Although we had anticipated that he might, Cuba didn't take the stand this morning before the defense rested its case. Meanwhile, the prosecution tried to add two lesser charges to the rape charge, assault and unlawful restraint. But Judge Susan Hawk denied those requests.

"You do all or nothing here," she told prosecutors Kendall Castello and Cresta Garland. The witnesses, she said, say "either a sexual assault occurred or it didn't."

In his closing arguments, prosecutor Castello told the jury that the case boiled down to "what happened in a room without the consent of Jan Doe." All the other details the defense brought up -- about whether Doe had been drinking, about inconsistencies in her story -- weren't relevant to the central question of whether a rape had occurred, he said. "You can always find discrepancies if you put your net wide enough."

The defense, though, said that Doe had lied or changed her story about whether she was drinking that night, and whom she'd been with. Attorney Robert Udashen said that damaged her credibility irreparably. "She has the audacity to come in here and try to reconcile these different statements to you," he said, referring to Doe saying in one instance, apparently at an on-campus hearing, that Cuba had removed her clothes, and in another that he'd simply pushed her underwear and shorts to the side.

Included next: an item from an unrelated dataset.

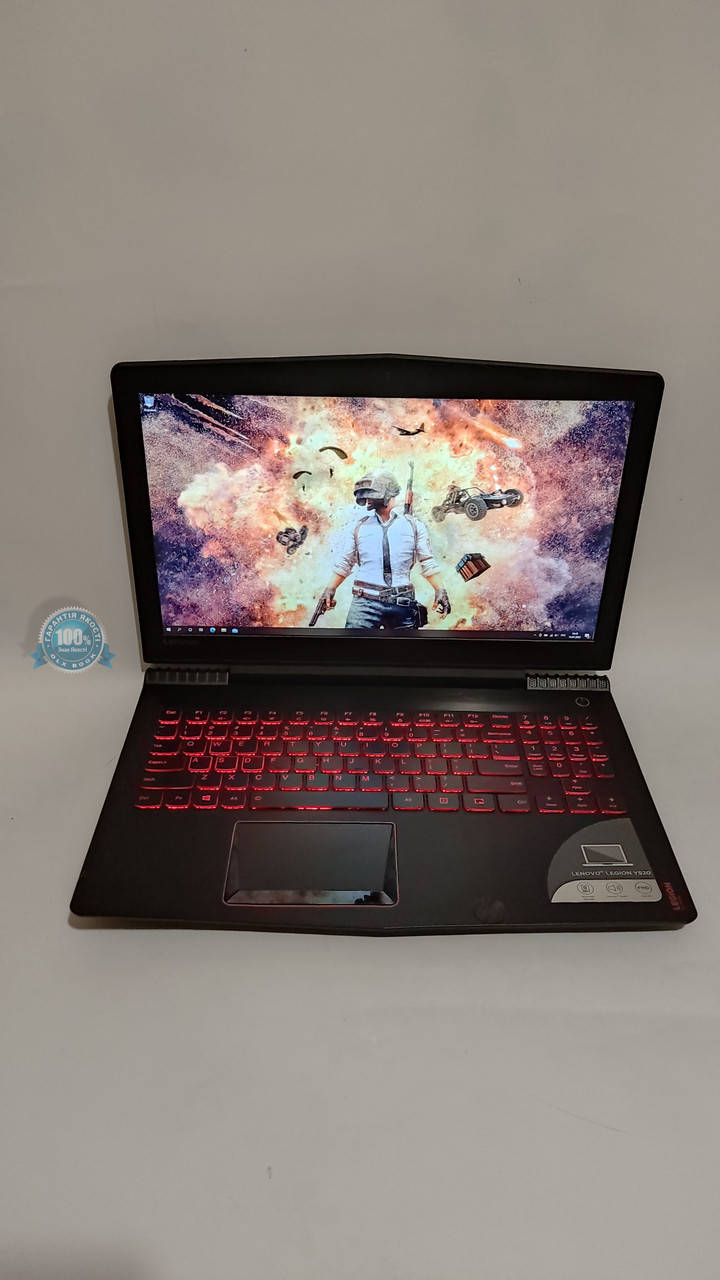 

Топ Игровой Ноутбук 8 ядер | GTX 1050 4GB | 8GB DDR4 | 1TB срочно, Белый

"She just answers how she wants to answer at that particular hearing," Udashen added.

In the end, though, the jury decided that Cuba couldn't be proven guilty beyond a reasonable doubt. After deliberating for about two hours, they returned the verdict. Repko reports that there was a "loud reaction, shouts and applause" when the not guilty verdict was read. Outside the courtroom, she writes, one student told Cuba, "Now we can make jokes."

Meanwhile, CultureMap's Claire St. Amant tweets that Cuba says he will file "quite a few civil lawsuits in the matter and the word confidential will not be included in any settlement."